The Turk and Caicos Islands lie southeast of the Bahamas, north of the island of Hispaniola, only 575 miles southeast of Miami, Florida, a one hour and thirty minute flight. Leave the crazy Miami night lifestyle behind because these islands are not notorious for their fanatic night clubs. They are quiet, in an unspoiled haven.
Stuffy attitudes and high expectations of luxurious accommodations should also be checked at the gate, unless you are willing to spend high dollars. Smaller lodging options might not include the usual amenities such as telephones and televisions. True admirers of unpolluted waters and beaches will appreciate these limitations.

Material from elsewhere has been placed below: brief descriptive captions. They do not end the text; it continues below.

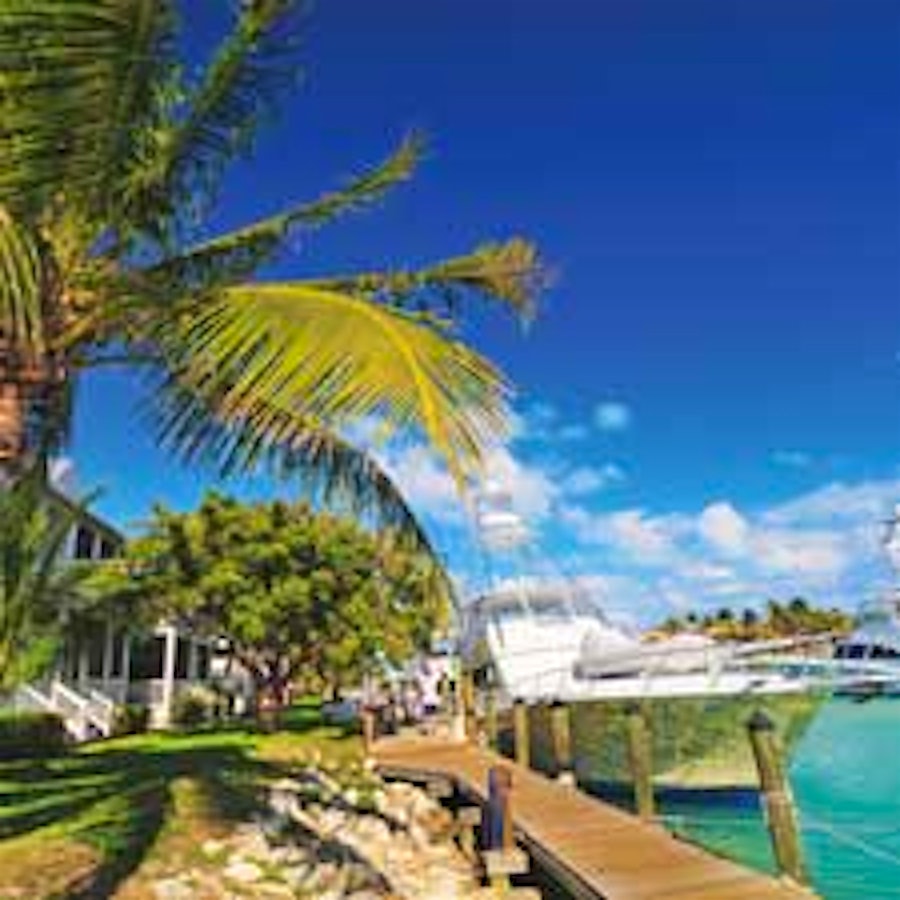 Hawks Cay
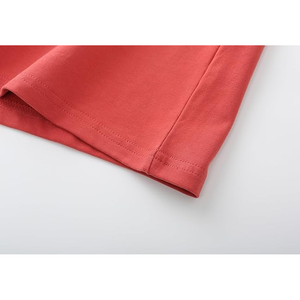 Todas las tallas diferentes colores logotipo personalizado camiseta hombres último diseño manga corta a granel alta calidad verano hombres camisetas - Product Image 5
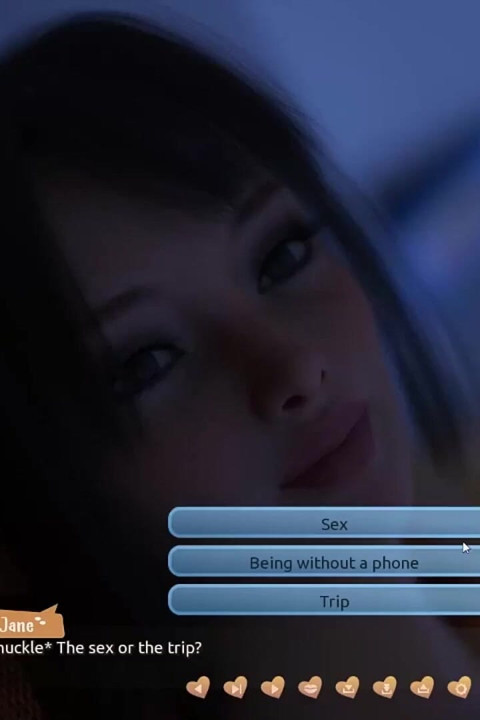 뜻밖의 전화! 이 화려한 섹시녀들과 함께하는 레드 폴스 캠프의 나의 야생 여름 - Hotties-p. 2-xred 게임 - Porngame4u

Hidden to the east of the southernmost land masses of the Bahamas lie two main clusters of islands. The Turk islands include Grand Turk, where the capital and government headquarters are located, Salt Cay and nine uninhibited cays. The Caicos Islands consist of six main islands and over 30 cays. The popular Providenciales of the Caicos Islands boasts the majority of the country’s tourism.
The Turks and Caicos are separated by a deep sea abyssal channel of water known as the Columbus Passage. This waterway becomes part of a popular migration trail of humpback whales. If you visit between the months of January through March, you might spot these giant beauties. The Columbus Passage is better known to the natives as the Turks and Caicos Passage, yet history suggests that it may have played a part in the great explorations of the New World.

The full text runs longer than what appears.